Risk and Return

3 Types of Risk preference Investor

3 Types of Risk Preference Investor

Risk preference is the attitude of taking financial risks by an investor. An individual investor, while making an investment decision, would take risks according to his or her risk preferences.

What is Risk Preference?

Risk Preference is one’s tendency to choose either a risky or less risky option. Usually, economists and finance professionals, and investors apply the concept of risk preference in economics, but the concept can be applied to any decision one makes that involves risk. 

Depending upon the risk preference, the investor will classify the risks associated with an investment and thereby find the investments that match his/her preferences.

There are two major factors that affect the decisions of decision-makers. These are the expected values and the measures of standard deviation. 

It is however impossible to realize whether investors will go for high expected values and high standard deviations or they will stick to low expected values and low standard deviations. That is where the concept of risk preference arises.
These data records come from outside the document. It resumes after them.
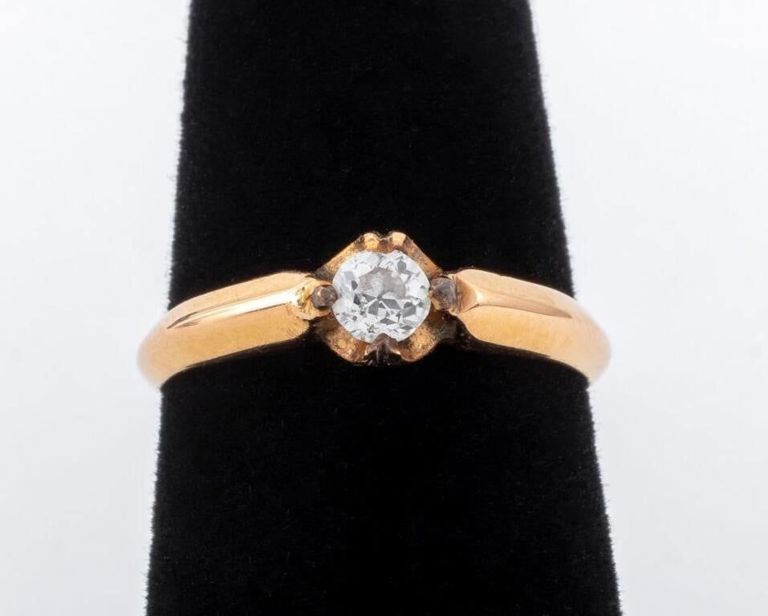 18k Gold Diamond Ring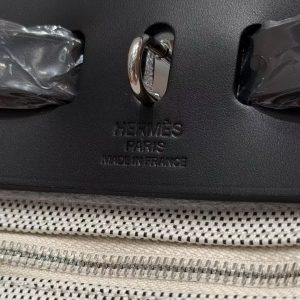 Hermes Herbag Zip 31 Bag Retourne Noir Ecru Handmade In Canvas and Hunter Cowhide Silver Hardware - Image 16
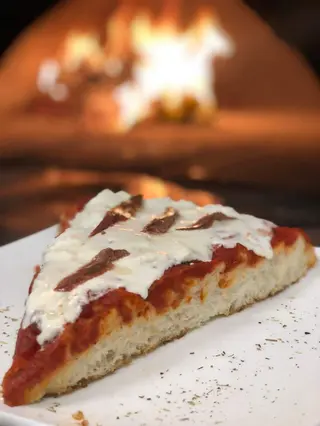 Stracciatella e filetti di acciuga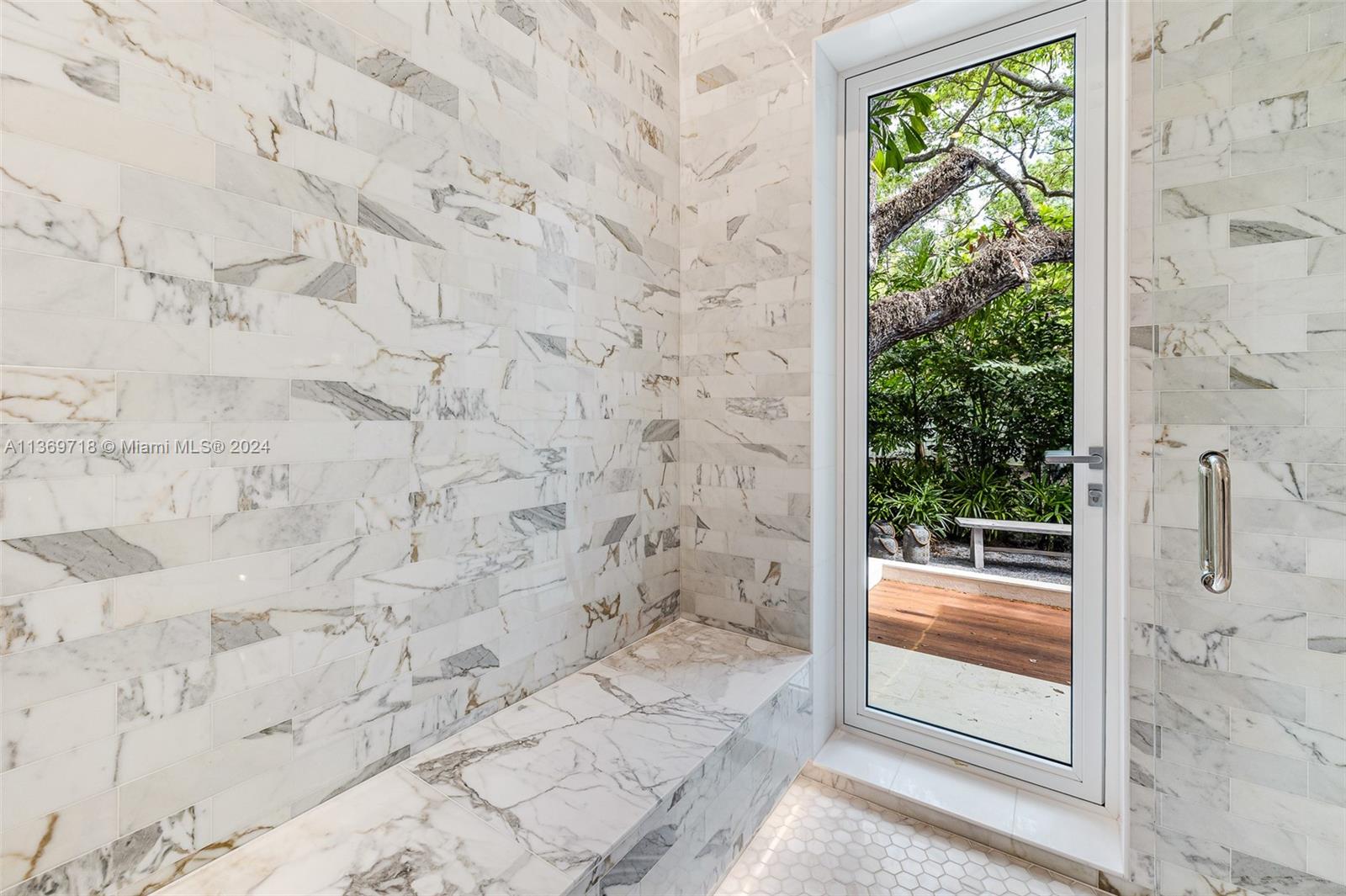 5501 Snapper Creek Rd, Coral Gables, FL, 33156 United States, 6 Bedrooms Bedrooms, ,6 BathroomsBathrooms,Residential,For Sale,Snapper Creek Rd,A11369718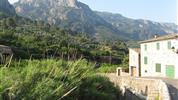 Mallorca s turistikou - nedotčená příroda a tradiční architektura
Types of Risk preference Investor

Depending on the expected values of return and standard deviations, the risk preferences of investors can be categorized into the following three types 

  • Risk-Averse Investors
  • Risk-Neutral Investors
  • Risk-Seeking Investors

Risk-Averse Investors

Risk-averse investors prefer to take lesser risks. They attach lower utility to increasing wealth. In other words, risk-averse investors try to skip investments that have a higher potential to lose rather than profit from the investments.

An example of risk-averse investors is the case of retiring individuals for whom higher returns from an investment are less meaningful than a loss arising from the investments.

They would prefer to skip the potential rise in wealth and stick to minimal returns with their funds and therefore would seek less risk and returns in the process.

Risk-Neutral Investors

Risk-neutral investors attach the same utility to increase in wealth and decrease in wealth. It is of no consideration whether a potential investment would gain wealth and return high amounts of profits, or it would be loss-making in the long run. They are neutral to the potential increase or decrease of wealth.

Risk-neutral investors are the ones who want to invest their money depending on their ideas of gain or loss rather than analyzing or checking the risks associated with an investment.

Risk-Seeking Investors

Risk-seeking investors attach more utility to increasing wealth even if it means they would have to take more risk in the process.

In the process of investing, risk-seeking investors look for the potential gain of wealth from the investments.

Risk-seeking investors are the ones who get higher returns on their investments, although they may lose more money from an investment as well.

As an example, we could consider individuals who invest in property as a class of risk-seeking investors because property prices fluctuate more often than other forms of investment.